I am a problem solver and I have no problem working across the aisle.  In Thousand Oaks, I was the first Democrat elected in 25 years.  My Assembly District might be the most balanced district in the state.


Did you come to the Assembly with an agenda?

I had three main things on my agenda.  First was education.  I think education should be the top priority in the state.  We need to spend sufficient funds for K-12 education as well as for the Cal State Universities and the UC system, which is the finest system in the entire country.  We have income inequality in California which affects education.  We need to make education our top priority.

The second thing was the budget issue and the third was creating more jobs in the state.  Some businesses are moving out of California and we need to figure out what we can do to change that.


Agriculture is a big part of your district.  Were you well versed on the subject before taking office?

I eat.  Thousand Oaks has no agriculture so I was not involved in that community when I was on the city council.  Although we do have Underwood Farms in our area and every kid takes that trip while in school.

But now that I am in the Assembly and represent Oxnard, I certainly see the value agriculture has for the state and our county.  I do represent agriculture in the State Legislature.  I think if you surveyed the people in my district they would tell you that agriculture is very important for Ventura County.

We do have a fairly unique situation as we have quite a bit of farmland and also a very urban district.  I know that can create conflicts.  When I see a field running up to the boundaries of a school, I know we are going to end up with some conflicts.  We need to create buffer zones between the urban areas and the fields.

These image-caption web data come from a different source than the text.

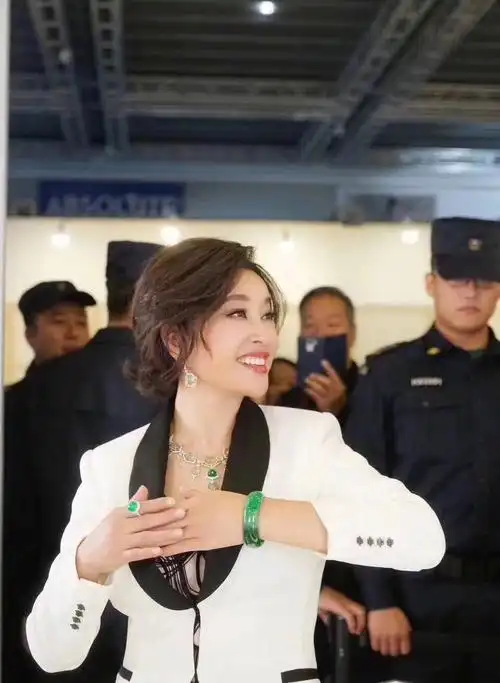 跟刘晓庆学收藏翡翠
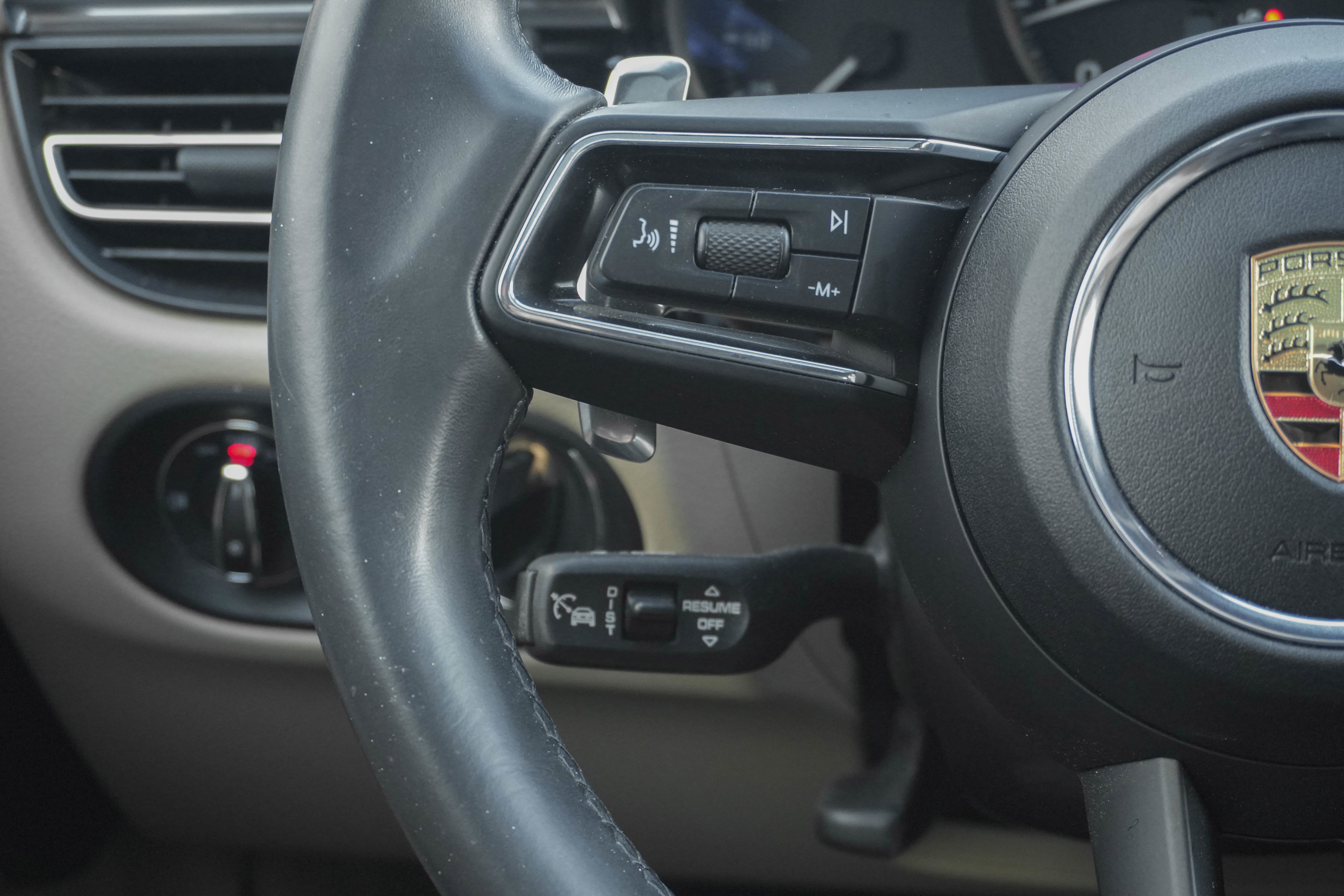 Used 2024 Porsche Macan image 19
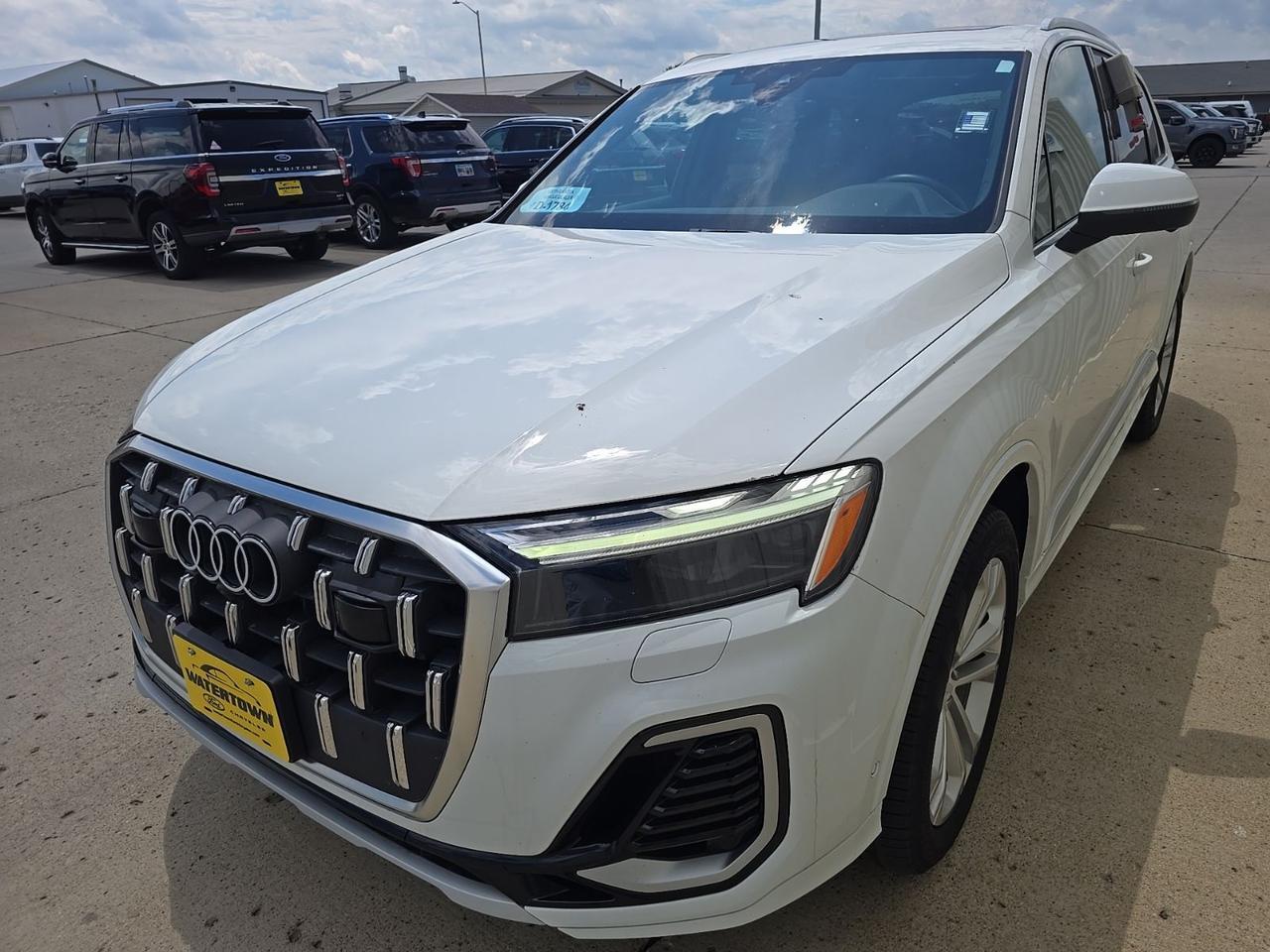 2025 Audi Q7 55 Premium Plus Watertown SD 2025 Audi Q7 55 Premium Plus Watertown SD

But I think agriculture in Ventura County is very progressive especially in areas of sustainability and water conservation.  We have farms such as Houweling’s Tomatoes that has a tremendous solar installation.  And Gills Onions is cutting edge when it comes to using waste to produce energy.  We have a company called Agromin that is doing some very innovative things with soil and CoolTerra has some byproducts that allow for very efficient use of water.


When talking to the agricultural community in your district, what do they tell you is their biggest issue?

The biggest issue right now has to be water.  I do have an ag advisory committee and we have talked about potential solutions.  We put together a group and are currently talking about using the water purification plant to deliver waste water to farmers.  The problem was there was no infrastructure in place.  Someone came up with the idea of using the “brine line” to deliver this treated water to farmers and we are trying to put that together.  I talked to the state water control board and I think by November we are going to have the first water deliveries.


What is in your political future?

I am not looking beyond my next election.  I believe that increased term limits have given us a great opportunity to serve and get things done.  Under the old term limits, the average term in the Assembly was three and a half years.  Now Assembly members can serve for 12 years.  Instead of just pushing a lot of bills, that allows the Legislature to be more thoughtful and fill the oversight role of government that we are meant to fill.  In the long run, I think this will be better for California.  I am very excited about what we can accomplish.


Our members and many of your constituents produce some of the best fruits, vegetables and nuts in the world.  Do you consume our products and do you have a favorite?

I have to say that the strawberries out of Oxnard are the best in the world.  I love strawberries from our roadside stands and farmers markets.  And you can’t beat Ventura County avocados.  They are the best.